IT HAS taken a while, but this weekend Syria joined the list of Arab countries whose citizens have taken to the streets. After Friday prayers, protests were held in Damascus, the capital, as well as Banias, Homs, Deir Ezzor and Deraa in the south. The last of these was by far the best attended, with up to 2,000 people, according to eyewitnesses.
The violence has since risen. Security forces attempting to control the crowds shot and killed at least four protesters. Then on Saturday a funeral for two of them turned into another protest, which was dispersed with tear gas and fire-engine hoses. Yesterday thousands marched again, calling for an end to 48 years of emergency law, and more freedoms. One person was reportedly shot. The BBC said buildings had been torched, including the headquarters of both the ruling Baath party and the Syriatel mobile network owned by Rami Makhlouf, the business-tycoon cousin of the president, whose wealth stirs much comment and resentment. Information is hard to come by: Deraa is in semi-lockdown. Nobody is allowed in and there have been interruptions to telephone and internet services.
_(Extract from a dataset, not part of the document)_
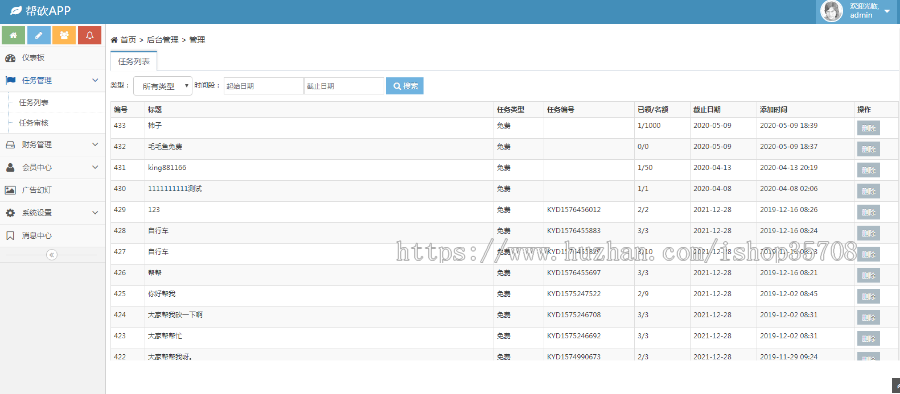 【免费安装】淘宝拼多多商城砍价任务赚钱资金链微信支付推广返利分销兼职引流双端APP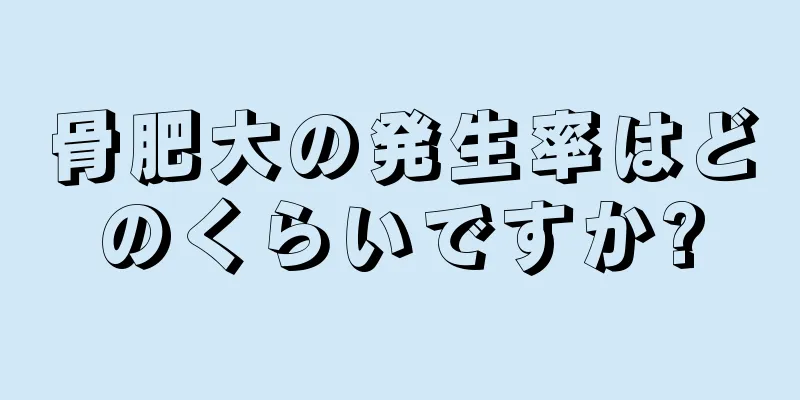 骨肥大の発生率はどのくらいですか?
Syria has traditionally enjoyed a two-fold stability: it is one of the most authoritarian countries in the world and many on the streets like the president, Bashar Assad. These demonstrations mark the biggest unrest in the country since he inherited power from his father in 2000.
Small protests started on Tuesday when a group gathered in the Hamidiyeh market in Damascus. On Wednesday, a silent sit-in by known activists demanding the release of political prisoners was violently dispersed. Since then the focus of the protests has changed, with momentum now coming from outside the capital and from the general public.
Why Deraa? It is a sleepy city of around 75,000 some 100km (62 miles) south of Damascus in a tribal Sunni area of olive groves and farmland. The spark appears to have been the arrest of more than a dozen teenagers last week for painting anti-regime graffiti on a wall. Two women were subsequently arrested. With poverty levels also rising as water levels have dropped, local anger appears to have reached a tipping point.
The government, previously adept at public relations, has floundered in its response. It has used force against its citizens and simultaneously accused infiltrators of dressing up as high-ranking officials and ordering forces to shoot. But it has also made concessions, reducing the duration of the loathed military service, releasing the teenagers and announcing an investigation. Faisal Kolthoum, Deraa’s governor, has been removed from his post.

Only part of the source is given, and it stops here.